→ TASK INSTRUCTIONS:
Look through the material that follows and show every line with the string "model".
..............................
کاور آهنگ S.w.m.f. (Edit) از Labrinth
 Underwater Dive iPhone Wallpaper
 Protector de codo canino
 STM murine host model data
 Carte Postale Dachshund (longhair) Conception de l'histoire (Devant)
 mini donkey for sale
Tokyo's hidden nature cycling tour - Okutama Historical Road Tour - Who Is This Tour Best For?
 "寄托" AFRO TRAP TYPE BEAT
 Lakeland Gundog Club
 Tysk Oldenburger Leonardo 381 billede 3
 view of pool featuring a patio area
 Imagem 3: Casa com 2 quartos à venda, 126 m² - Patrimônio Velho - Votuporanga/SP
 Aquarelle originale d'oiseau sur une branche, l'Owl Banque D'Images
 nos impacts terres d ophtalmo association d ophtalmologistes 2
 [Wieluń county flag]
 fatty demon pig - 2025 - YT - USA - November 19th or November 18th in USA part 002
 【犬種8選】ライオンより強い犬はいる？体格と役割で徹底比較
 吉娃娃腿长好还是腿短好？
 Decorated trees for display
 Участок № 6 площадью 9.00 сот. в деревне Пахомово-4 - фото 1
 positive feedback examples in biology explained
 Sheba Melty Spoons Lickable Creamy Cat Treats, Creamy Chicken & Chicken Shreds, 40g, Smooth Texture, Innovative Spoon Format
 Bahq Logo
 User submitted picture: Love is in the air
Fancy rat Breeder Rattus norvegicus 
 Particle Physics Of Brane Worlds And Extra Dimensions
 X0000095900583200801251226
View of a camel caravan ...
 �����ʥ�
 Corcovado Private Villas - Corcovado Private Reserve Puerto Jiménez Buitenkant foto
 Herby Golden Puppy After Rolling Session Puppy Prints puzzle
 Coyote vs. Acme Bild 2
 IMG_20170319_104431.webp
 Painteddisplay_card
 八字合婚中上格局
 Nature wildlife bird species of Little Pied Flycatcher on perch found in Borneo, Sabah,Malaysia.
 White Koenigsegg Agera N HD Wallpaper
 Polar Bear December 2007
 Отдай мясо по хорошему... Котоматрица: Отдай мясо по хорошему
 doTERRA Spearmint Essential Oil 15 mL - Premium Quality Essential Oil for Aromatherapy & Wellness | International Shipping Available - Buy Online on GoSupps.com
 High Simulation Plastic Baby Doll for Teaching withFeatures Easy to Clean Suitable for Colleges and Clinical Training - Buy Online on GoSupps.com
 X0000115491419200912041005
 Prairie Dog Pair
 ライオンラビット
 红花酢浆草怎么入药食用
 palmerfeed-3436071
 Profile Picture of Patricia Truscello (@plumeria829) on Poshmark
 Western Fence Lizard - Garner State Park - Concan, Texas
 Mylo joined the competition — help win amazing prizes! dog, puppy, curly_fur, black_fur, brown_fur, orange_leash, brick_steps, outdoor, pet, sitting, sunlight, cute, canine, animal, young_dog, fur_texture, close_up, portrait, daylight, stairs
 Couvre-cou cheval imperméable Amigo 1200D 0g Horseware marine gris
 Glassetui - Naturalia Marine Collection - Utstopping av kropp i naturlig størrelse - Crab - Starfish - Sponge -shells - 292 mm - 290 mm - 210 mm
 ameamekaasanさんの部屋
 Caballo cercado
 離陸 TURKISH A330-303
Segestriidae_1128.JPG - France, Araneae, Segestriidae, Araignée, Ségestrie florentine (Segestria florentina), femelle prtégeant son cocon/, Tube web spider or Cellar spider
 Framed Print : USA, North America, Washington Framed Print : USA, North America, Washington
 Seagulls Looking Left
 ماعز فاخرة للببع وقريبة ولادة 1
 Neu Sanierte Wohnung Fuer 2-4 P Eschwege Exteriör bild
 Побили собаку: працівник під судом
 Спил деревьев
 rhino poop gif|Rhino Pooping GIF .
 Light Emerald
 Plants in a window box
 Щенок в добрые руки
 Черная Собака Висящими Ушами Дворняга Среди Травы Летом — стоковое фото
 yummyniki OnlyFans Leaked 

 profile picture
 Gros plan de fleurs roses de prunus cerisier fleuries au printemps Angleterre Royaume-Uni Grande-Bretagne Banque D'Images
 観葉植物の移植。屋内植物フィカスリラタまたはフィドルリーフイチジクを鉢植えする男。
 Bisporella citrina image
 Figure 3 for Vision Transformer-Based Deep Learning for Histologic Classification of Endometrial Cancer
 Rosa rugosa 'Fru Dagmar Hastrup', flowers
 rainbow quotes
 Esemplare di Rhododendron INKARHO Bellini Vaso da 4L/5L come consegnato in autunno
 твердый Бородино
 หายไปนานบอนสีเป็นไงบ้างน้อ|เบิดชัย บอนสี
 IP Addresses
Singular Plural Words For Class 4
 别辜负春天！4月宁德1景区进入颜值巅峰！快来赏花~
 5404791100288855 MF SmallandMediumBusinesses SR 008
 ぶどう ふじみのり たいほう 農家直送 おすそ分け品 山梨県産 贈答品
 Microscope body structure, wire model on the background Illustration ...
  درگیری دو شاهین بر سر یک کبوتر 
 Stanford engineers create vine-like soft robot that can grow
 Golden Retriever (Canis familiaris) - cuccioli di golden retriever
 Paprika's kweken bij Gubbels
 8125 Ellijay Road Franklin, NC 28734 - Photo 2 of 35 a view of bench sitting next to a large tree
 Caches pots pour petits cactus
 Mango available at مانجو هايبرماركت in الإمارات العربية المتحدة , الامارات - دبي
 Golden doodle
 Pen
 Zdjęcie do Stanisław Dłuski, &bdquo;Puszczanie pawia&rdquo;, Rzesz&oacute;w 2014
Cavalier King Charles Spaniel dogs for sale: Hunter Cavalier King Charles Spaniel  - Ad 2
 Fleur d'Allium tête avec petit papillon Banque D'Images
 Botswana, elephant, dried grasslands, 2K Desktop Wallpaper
..............................
→ REPLY TO THE TASK:
 STM murine host model data
 Microscope body structure, wire model on the background Illustration ...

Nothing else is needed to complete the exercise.